Part of the book series: Advances in Experimental Medicine and Biology ((AEMB,volume 1065))

Abstract

Phenotypic sex differences in coronary artery disease (CAD) and its risk factors have been apparent for many decades in basic and clinical research; however, whether these are also present at the gene level and thus influence genome-wide association and genetic risk prediction studies has often been ignored. From fundamental and medical standpoints, this is critically important to assess in order to fully understand the underlying genetic architecture that predisposes to CAD and better predict disease outcomes based on the interaction between genes, sex effects, and environment. In this chapter we aimed to (1) integrate the history and latest research from genome-wide association studies for CAD and clinical and genetic risk scores for prediction of CAD, (2) highlight sex-specific differences in these areas of research, and (3) discuss reasons why sex differences have often not been considered and, where present, why sex differences exist at genetic and phenotypic levels and how important they are for consideration in future research. While we find interesting examples of sex differences in effects of genetic variants on CAD, genome-wide association and genetic risk studies have typically not tested for sex-specific effects despite mounting evidence from diverse fields that these are likely very important to consider at both the genetic and phenotypic levels.

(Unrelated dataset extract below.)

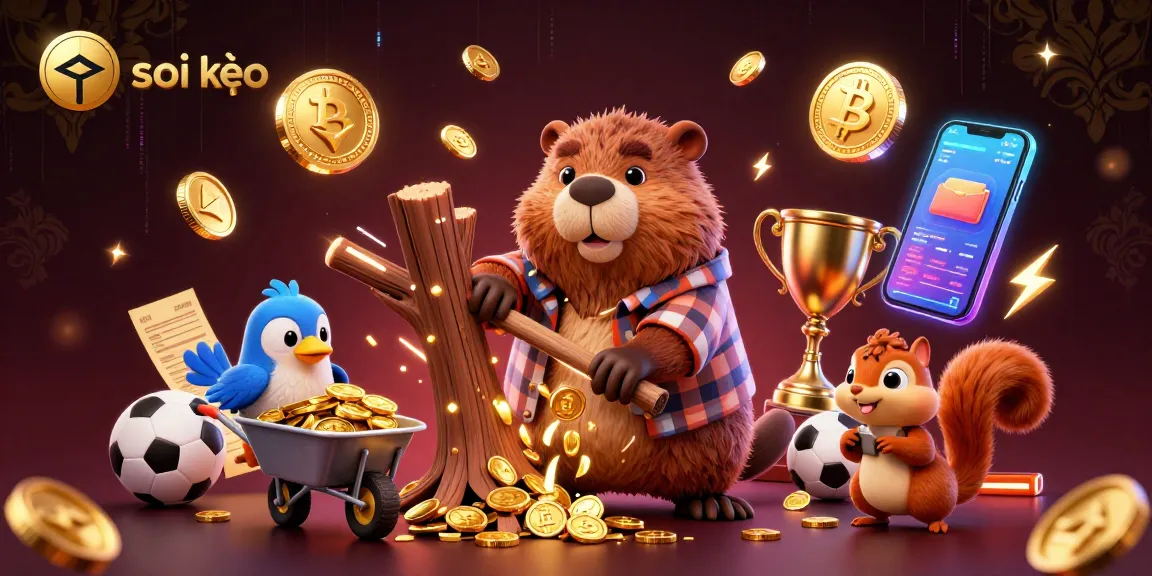 Bet on soi kèo with dynamic sports betting elements in an engaging casino-themed scene.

In-depth testing for sex effects in large-scale genome-wide association studies that include autosomal and often excluded sex chromosomes alongside parallel improvements in resolution of sex-specific differences for risk factors and disease outcomes for CAD has the potential to substantially improve clinical and genetic risk prediction studies. Developing sex-tailored genetic risk scores as has been done recently for other disorders might be also warranted for CAD. In the era of precision medicine, this level of accuracy is essential for such a common and costly disease.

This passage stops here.